> [BRIEF]: In the records below, find the line containing "Hanne-Margret Birckenbach, Alexandra Sti Hanne-Margret", then copy that line and all lines after it, exactly, omitting every picture.

[Source data]
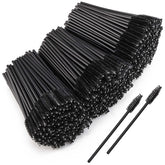 LoveBB disposable mascara wands bulk pack for clean, mess-free eyelash extension application.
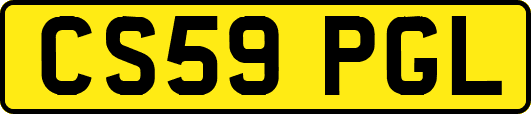 CS59PGL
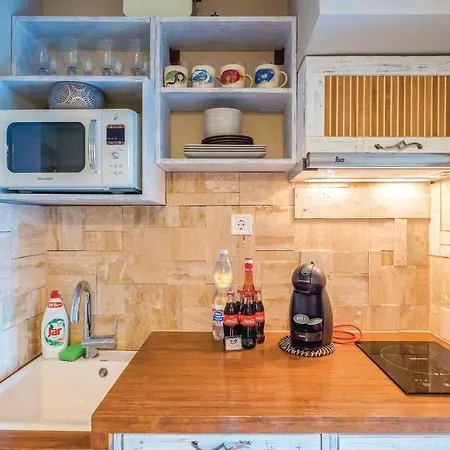 One-bedroom In Апартаменты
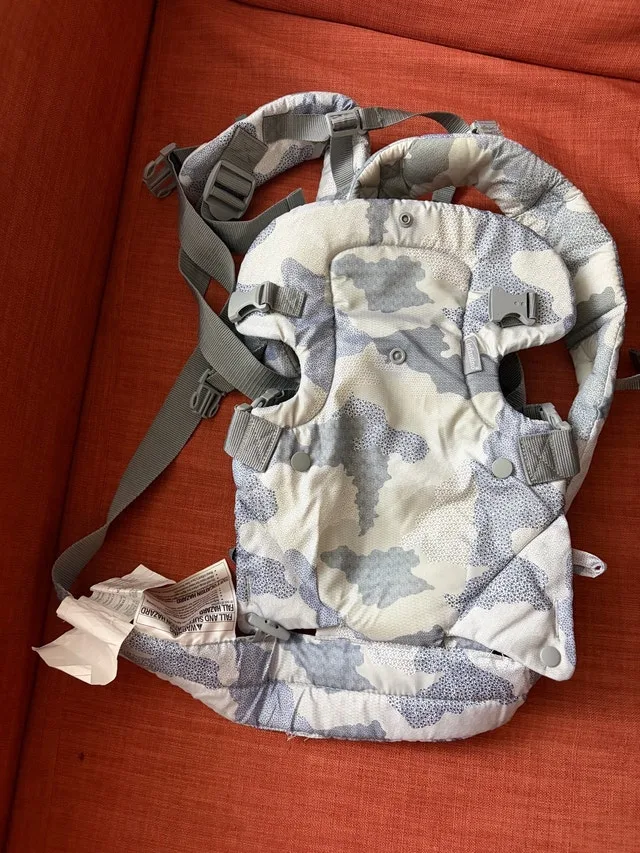 Infantino Baby Carrier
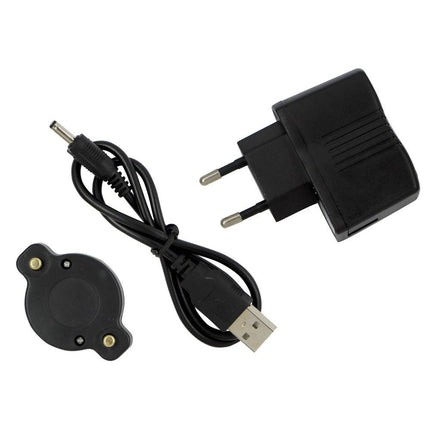 230V/USB-Ersatz-Ladegerät zu PF/x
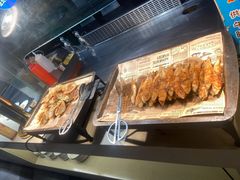 -蒙肥羊·酸汤潮牛·鲜牛肉火锅烤肉自助(岗顶店)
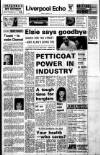 Liverpool Echo Friday 05 October 1973 Page 1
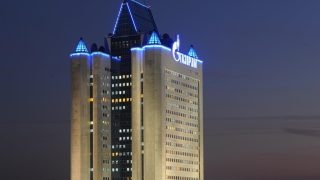 Gazprom může nyní plynovod Opal využívat pouze z 50 %. 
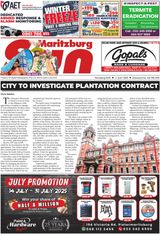 Maritzburg Sun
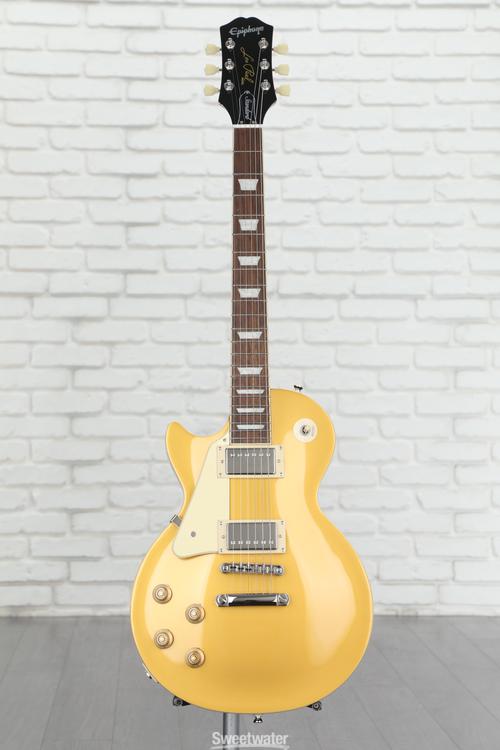 Epiphone Les Paul Standard '50s Left-handed Electric Guitar 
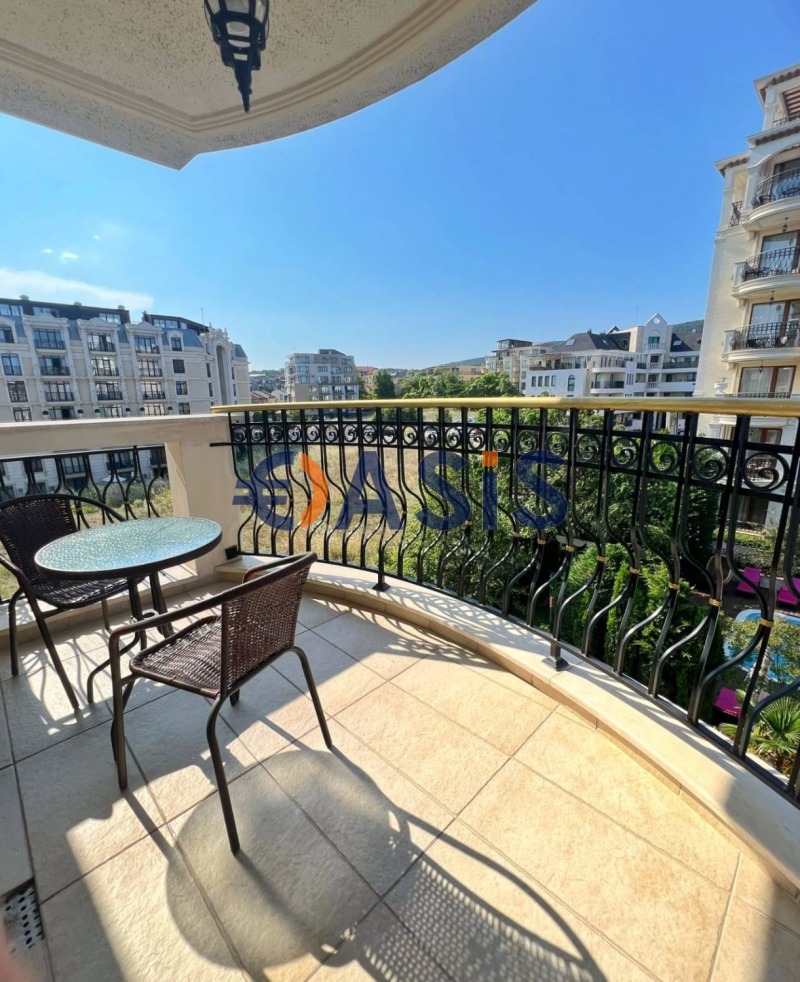 Продава 2-СТАЕН, гр. Свети Влас, област Бургас, снимка 9 - Апартаменти - 53088506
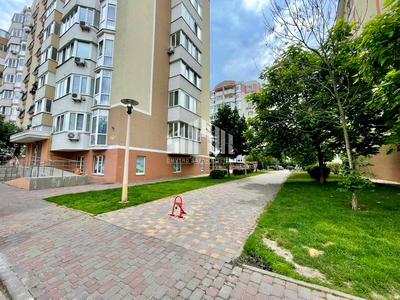 квартира по адресу Тараса Шевченко бульв., 5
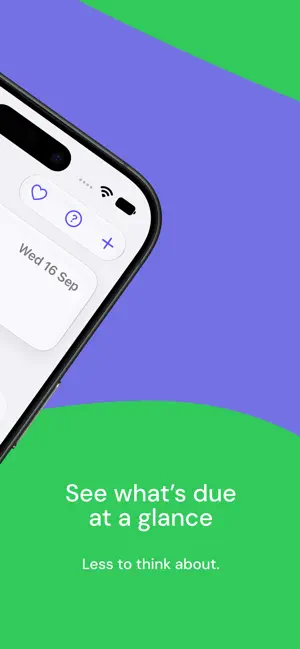 Since: Reminder & Task Planner screenshot 3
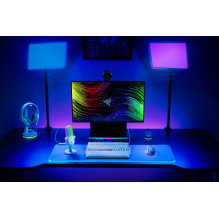 Mikrofonas - Razer Seiren V3 Chroma USB, 20Hz-20kHz, -34dB, Baltas Mikrofonas - Razer Seiren V3 Chroma USB, 20Hz-20kHz, -34dB, Baltas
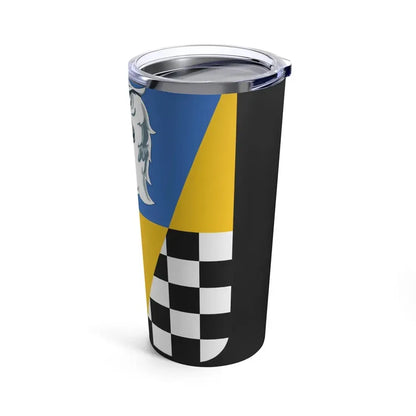 326 Military Intelligence Battalion 2 (U.S. Army) Tumbler 20oz - Go Mug Yourself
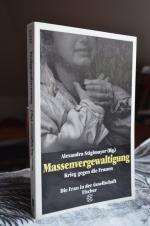 Hanne-Margret Birckenbach, Alexandra Sti Hanne-Margret Birckenbach, Alexandra Sti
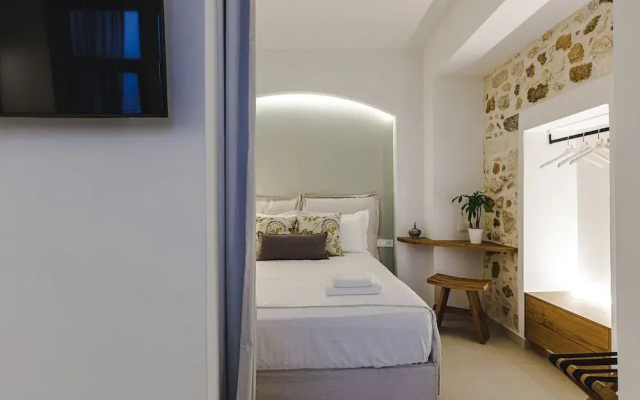 Le Bijou Luxury Suite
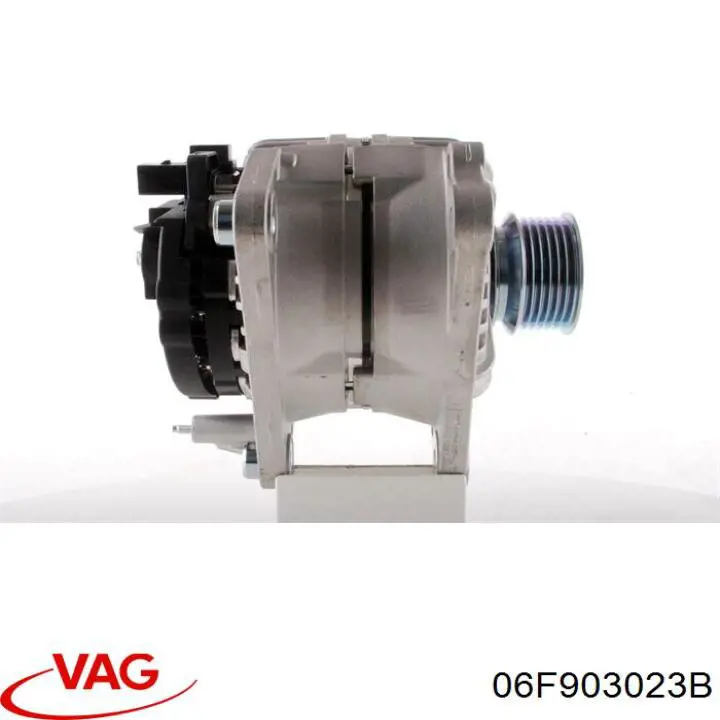 Alternador del motor VAG 06F903023B precio, desde 145,07 EUR
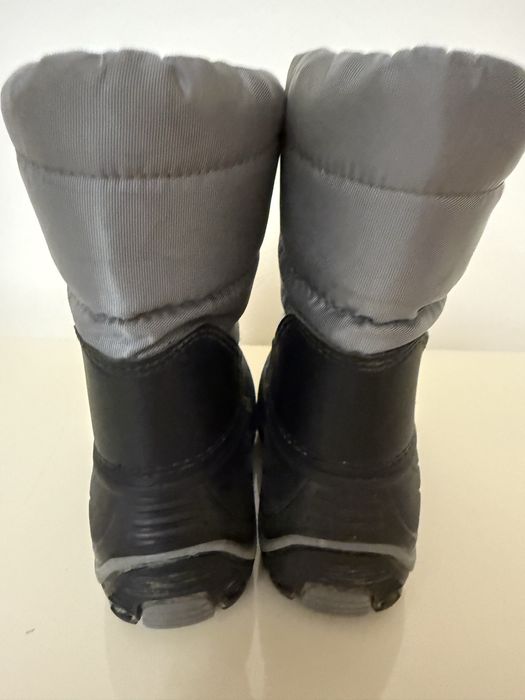 Śniegowce Olang romiar 25-26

> [SOLUTION TO THE EXERCISE]:
 Hanne-Margret Birckenbach, Alexandra Sti Hanne-Margret Birckenbach, Alexandra Sti
 Le Bijou Luxury Suite
 Alternador del motor VAG 06F903023B precio, desde 145,07 EUR
 Śniegowce Olang romiar 25-26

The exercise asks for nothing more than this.